4. TBI, TSCI and MSCs

4.1. MSC Therapy in Post-Traumatic Neurological Disorders

Stem cells are multipotent cells with the ability to differentiate into various cell types, as well as, to renew themselves [236]. Mesenchymal stem cells (MSCs), hematopoietic stem cells (HSCs), brain-derived neural stem cells (NSCs), embryonic stem cells (ESCs), and induced pluripotent stem cells (iPSCs), which are reprogrammed from somatic cells, represent major stem cell sources previously investigated for traumatic brain injury, spinal cord injury, neurodegenerative disease and stroke therapy [84,237,238,239,240,241,242,243,244,245,246,247,248,249] (Table 1).

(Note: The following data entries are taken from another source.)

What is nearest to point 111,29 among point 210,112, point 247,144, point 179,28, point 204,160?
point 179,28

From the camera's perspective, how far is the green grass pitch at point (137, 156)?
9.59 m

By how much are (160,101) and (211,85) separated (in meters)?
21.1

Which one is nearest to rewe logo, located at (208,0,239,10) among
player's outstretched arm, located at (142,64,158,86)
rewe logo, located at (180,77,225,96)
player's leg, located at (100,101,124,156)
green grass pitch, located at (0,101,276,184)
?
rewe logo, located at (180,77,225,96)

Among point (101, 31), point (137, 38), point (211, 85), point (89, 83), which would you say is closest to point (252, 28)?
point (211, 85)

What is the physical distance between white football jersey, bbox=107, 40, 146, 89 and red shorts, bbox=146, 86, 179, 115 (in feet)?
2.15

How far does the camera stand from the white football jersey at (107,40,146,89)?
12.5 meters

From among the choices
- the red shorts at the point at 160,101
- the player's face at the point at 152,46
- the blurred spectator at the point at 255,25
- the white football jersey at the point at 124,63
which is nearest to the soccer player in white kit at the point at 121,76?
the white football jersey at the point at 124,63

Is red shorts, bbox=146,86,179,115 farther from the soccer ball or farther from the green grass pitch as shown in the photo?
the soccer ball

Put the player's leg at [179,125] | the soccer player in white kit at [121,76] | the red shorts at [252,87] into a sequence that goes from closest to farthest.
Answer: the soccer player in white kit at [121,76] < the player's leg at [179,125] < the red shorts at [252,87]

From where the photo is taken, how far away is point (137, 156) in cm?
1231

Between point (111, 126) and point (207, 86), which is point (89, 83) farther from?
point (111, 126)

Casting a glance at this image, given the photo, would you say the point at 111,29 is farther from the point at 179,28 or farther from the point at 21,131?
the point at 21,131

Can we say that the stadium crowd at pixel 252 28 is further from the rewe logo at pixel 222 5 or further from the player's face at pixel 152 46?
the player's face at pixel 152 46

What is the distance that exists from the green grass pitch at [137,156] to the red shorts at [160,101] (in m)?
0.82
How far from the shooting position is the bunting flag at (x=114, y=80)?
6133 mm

The distinct properties of MSCs places them among the most looked-for cell sources. Therapy development based on these cell types is currently rapidly evolving in regenerative medicine. The simplicity with which MSCs can be obtained from various sources as well as their low immunogenicity and immunomodulatory abilities makes them available for transplantation in both auto- and allogeneic systems. There have been 125 clinical trials using MSCs to treat neurological diseases registered to date [247], and they are the most studied cell population in registered trials for TSCI (Table 1). These cells also proliferate quickly and have a high level of multilineage differentiation. Furthermore, MSCs retain their regenerative potential even after cryopreservation and have “homing properties”, allowing them to migrate toward the lesion site [250]. MSCs are principally found in bone marrow (BM-MSC), adipose tissue (AD-MSC), and peripheral blood. They can be obtained from the umbilical cord (UC-MSC), the umbilical cord blood (CB-MSC), the urine, the amnion, and the placenta, [251,252]; however, BM-MSCs were the first to be discovered and are thus the most studied type of MSC. They frequently serve as the gold standard and were initially used in the majority of clinical trials [76,253].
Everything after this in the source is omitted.